Not long after, though, I heard the Blue Nile's first album, A Walk Across The Rooftops (from which the glorious single, 'Tinseltown in the Rain' was taken) and realised that Dave had clearly known his onions. A first listening to Hats immediately revealed it as one of the most atmospherically beautiful pop records I'd ever heard – certainly by any Scottish group that I knew about. Only seven short-ish songs, but each one tinged with the most delicious, lingering sense of melancholia. Even the song titles suggest the idea of romantic yearning: 'Over the Hillside', 'The Downtown Lights', 'Headlights on the Parade', 'From a Late Night Train', 'Seven A.M.', all redolent of the dreamer's indefinable yearning for something beyond the quotidian.



'On a midnight train/Reflected in the water...' The dreamer in question is Paul Buchanan, the song-writing hub of a trio that met at Glasgow University. He was one of the special guests interpreting a couple of Bowie songs at the recent David Bowie prom, and there must have been many in the audience who asked themselves, Paul who? To those in the music industry, though, he has long been recognised not only for his songs, but also for his distinctive soulful voice. Once, I believe, he was even dubbed Glasgow's Marvin Gaye.

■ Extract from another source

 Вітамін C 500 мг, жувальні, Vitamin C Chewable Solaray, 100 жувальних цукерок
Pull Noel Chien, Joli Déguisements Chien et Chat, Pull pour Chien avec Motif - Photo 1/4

Minimalism is the key note to his songs. 'From a Late Night Train', for example, employs the band's trademark lush chords, ambient synthesiser wash and a lone trumpet to create a pervasive sense of private loneliness. In fact, the dominant instrumentation of strings and synthesiser in combination is one which normally doesn't appeal to me at all, but Buchanan, Robert Bell and P.J. Moore do it with an irresistible good taste.

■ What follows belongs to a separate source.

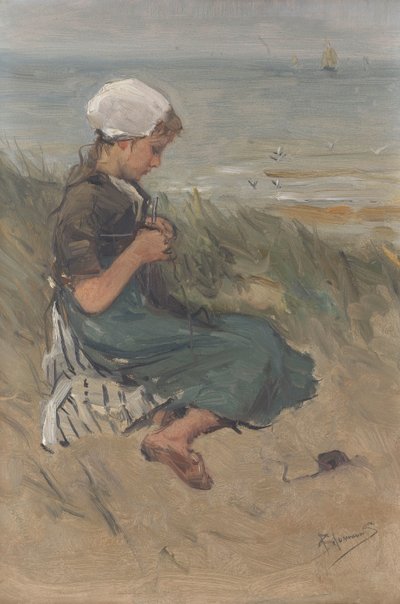 Dziewczyna robi na drutach na wydmach autorstwa Bernardus Johannes Blommers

Just in case of being branded a 'synthesiser group' – and therefore lumped, I suppose, with the likes of Human League and Depeche Mode – Hats was followed by Peace At Last, another beautiful album but this time characterised by Buchanan's acoustic guitar. By now, they were based in the U.S. and had worked with the likes of Rickie Lee Jones and Annie Lennox, who recorded a version of 'The Downtown Lights'.

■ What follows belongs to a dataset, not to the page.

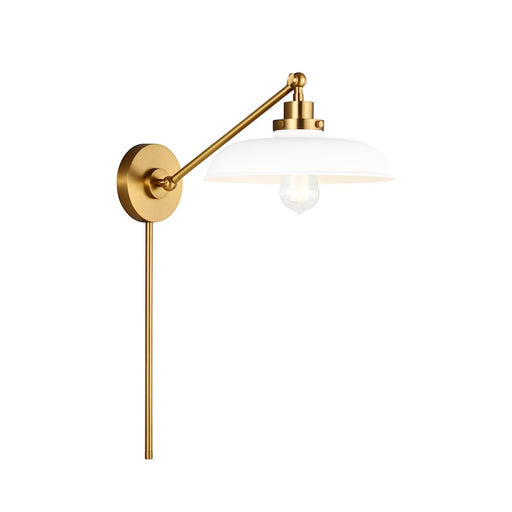 Visual Comfort Studio 1141 Wellfleet Single Arm Sconce, WH/BS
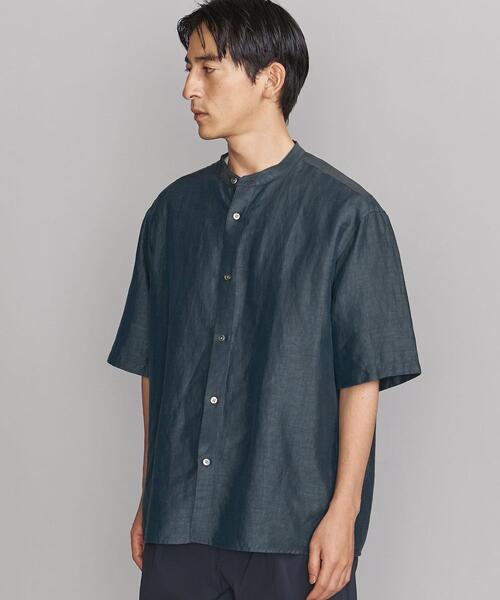 BEAUTY&YOUTH UNITED ARROWS（ビューティーアンドユースユナイテッドアローズ）の「BY WRINKLE ストライプ バンドカラー ボックス シャツ（シャツ/ブラウス・メンズ・ライトグレー/ネイビー/モカ・SMALL/MEDIUM/LARGE/X-LARGE）」の7枚目の写真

Their final album, High, took the longest period yet to write and record, and Buchanan's perfectionism seemed to take its toll. In keeping with a band that shied away from the public eye – pop music's equivalent in some ways of J.D. Salinger – there was never any official announcement, but there seems little doubt that the 2004 release was their swansong. Indeed, in the years since, there has been an unofficial biography (which probably sold in hundreds rather than thousands), a truly minimalist Buchanan solo album and a series of collector's editions of their first three albums, which smacks of the Virgin label clutching at commercial straws.



I was lucky enough to pick up a double-CD version of Hats in a sale in Brive to supplement my original purchase, consisting of one re-mastered CD of the original and another CD of thematic odds and ends, including a live version of 'Headlights on the Parade', which suggests that the band could cut the mustard on stage as well as in the studio. In fact, typical of their perverse approach to any kind of positive publicity, they made an appearance at Glastonbury in 1997 before disappearing from view until the release of High.

Their first and last are both good, but perhaps a tad disappointing in terms of the standards achieved on their second and third albums. I shall keep rifling through sales bins in search of a special edition of Peace At Last, but for now I am delighted to have an expanded version of Hats to listen to whenever I feel the ache of melancholia demanding musical sustenance.